### Exercise goal:
Copy out the data word for word, without any of its pictures.

### Supplied data:

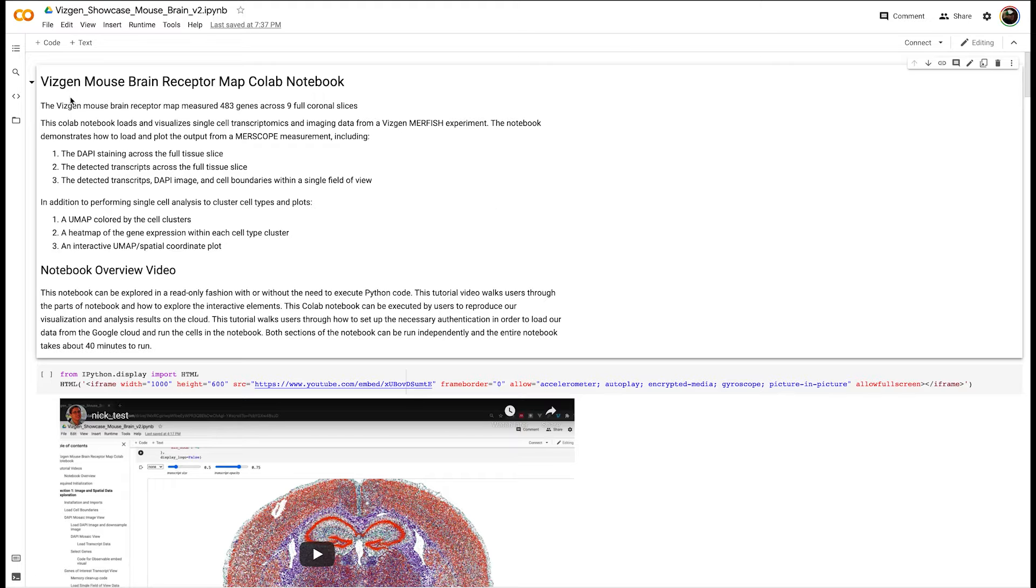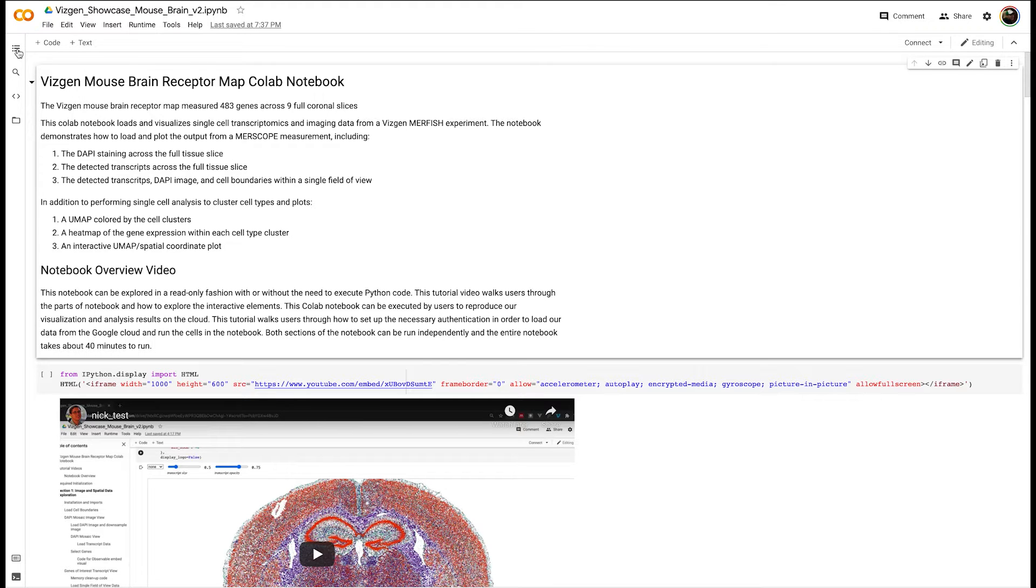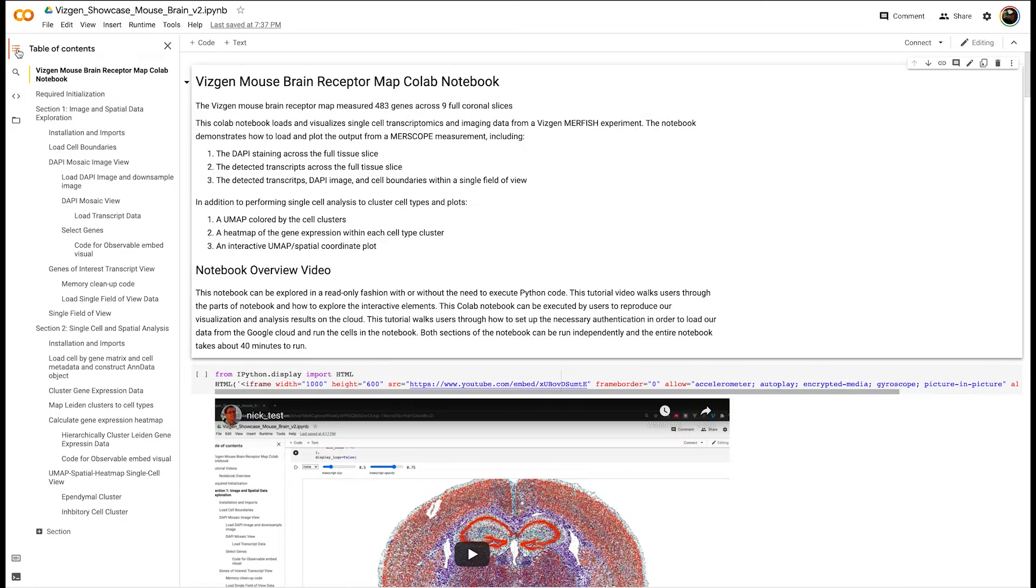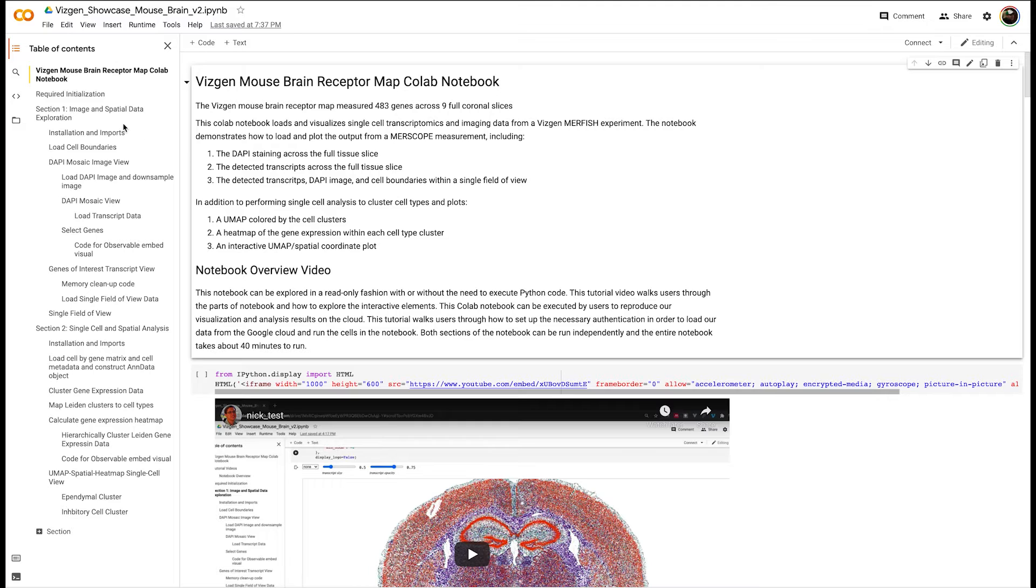This notebook has several sections which can be seen using the table of contents. If you click on the left here you can bring up all the different sections of the notebook. At a very high level we have two sections: the first is image and spatial data exploration and the second is single cell and spatial analysis.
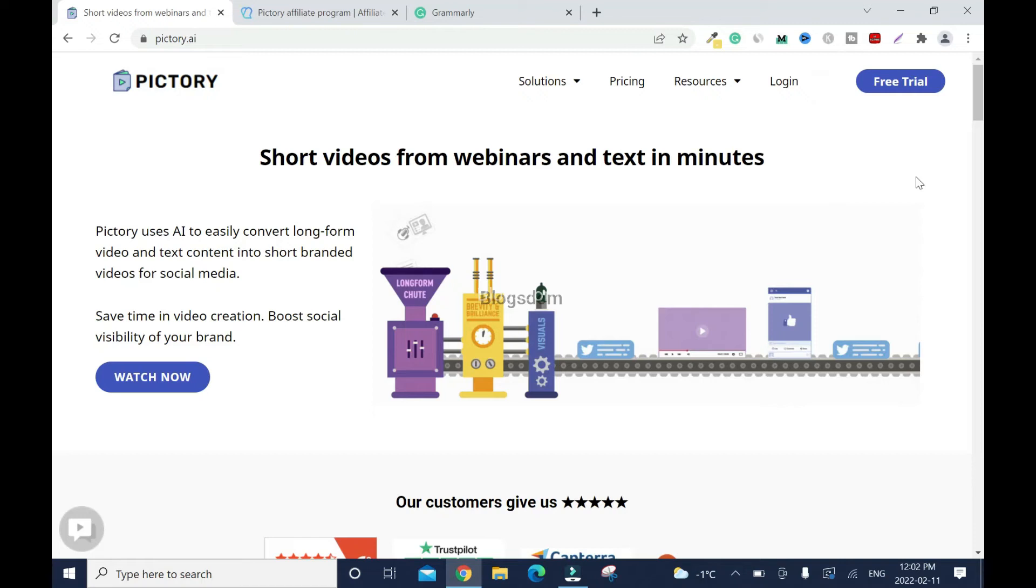In this video I'll show you how to make money by joining the Pictory affiliate program. For those who don't know what Pictory is, it's an AI software that converts long form video and text content into short videos for your social media platforms, product promotions, and website.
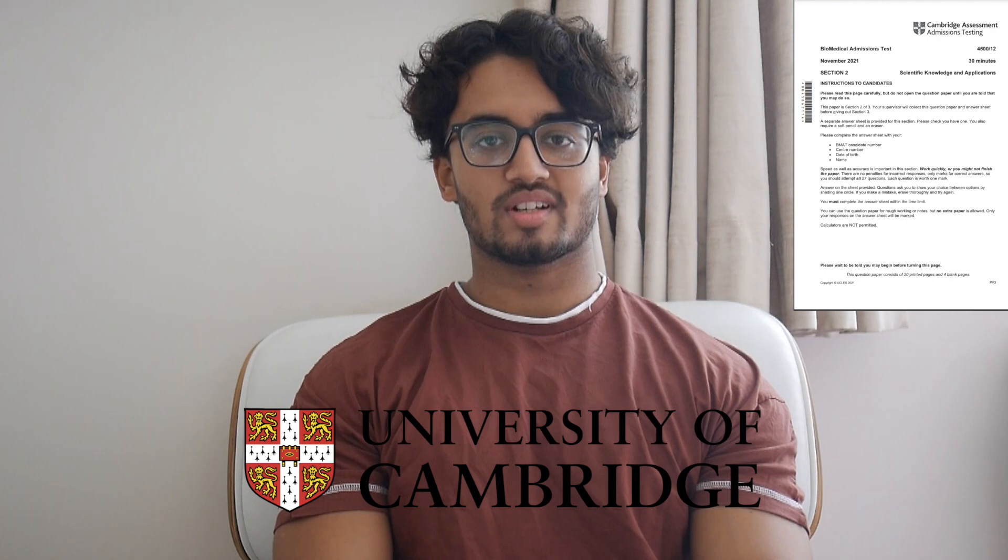Hey guys, welcome back to the channel. My name is Firaz Jamil. I'm a second year medical student at the University of Cambridge. This video is the first of a three-part series where I'm going to be going through the BMAT 2021 Section 2 paper in a full walkthrough.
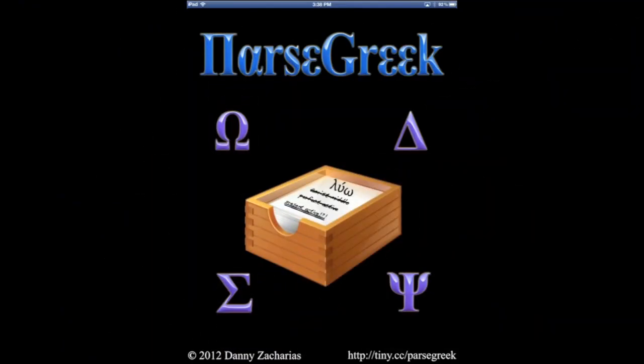Thanks for checking out Parse Greek. I sincerely hope it helps you in the study of New Testament Greek.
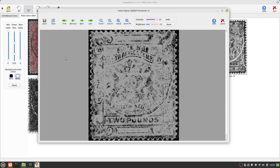That concludes this demonstration. I hope that you found ImageSleuth useful, and thank you for watching.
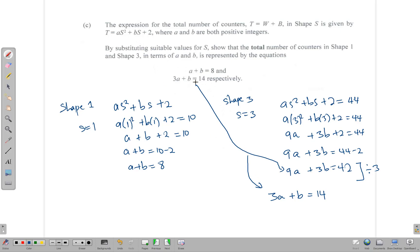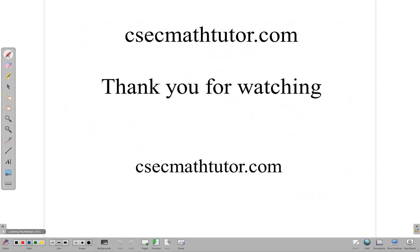We have shown the two equations: A plus B equals 8 and 3A plus B equals 14. We could use these to find the values of A and B, but that is not required as we have come to the end of the question. Thank you very much for watching — if you know somebody who needs help with these kinds of questions, kindly share this so they too can benefit.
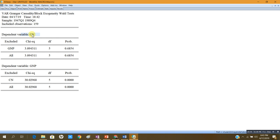Coming to the second equation where GNP is the dependent variable, the null hypothesis is that consumption does not Granger cause GNP. The chi-square value is 30.029 and its p-value is 0.0000. So we strongly reject the null hypothesis of no Granger causality from CN to GNP. We conclude that consumption Granger causes GNP — that is, the past values of the consumption variable better predict the future values of GNP. This is how we perform the Toda-Yamamoto test to test for Granger non-causality between these series.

### Exercise response:
This notebook has several sections which can be seen using the table of contents. If you click on the left here you can bring up all the different sections of the notebook. At a very high level we have two sections: the first is image and spatial data exploration and the second is single cell and spatial analysis.
In this video I'll show you how to make money by joining the Pictory affiliate program. For those who don't know what Pictory is, it's an AI software that converts long form video and text content into short videos for your social media platforms, product promotions, and website.
Hey guys, welcome back to the channel. My name is Firaz Jamil. I'm a second year medical student at the University of Cambridge. This video is the first of a three-part series where I'm going to be going through the BMAT 2021 Section 2 paper in a full walkthrough.
Thanks for checking out Parse Greek. I sincerely hope it helps you in the study of New Testament Greek.
That concludes this demonstration. I hope that you found ImageSleuth useful, and thank you for watching.
We have shown the two equations: A plus B equals 8 and 3A plus B equals 14. We could use these to find the values of A and B, but that is not required as we have come to the end of the question. Thank you very much for watching — if you know somebody who needs help with these kinds of questions, kindly share this so they too can benefit.
Coming to the second equation where GNP is the dependent variable, the null hypothesis is that consumption does not Granger cause GNP. The chi-square value is 30.029 and its p-value is 0.0000. So we strongly reject the null hypothesis of no Granger causality from CN to GNP. We conclude that consumption Granger causes GNP — that is, the past values of the consumption variable better predict the future values of GNP. This is how we perform the Toda-Yamamoto test to test for Granger non-causality between these series.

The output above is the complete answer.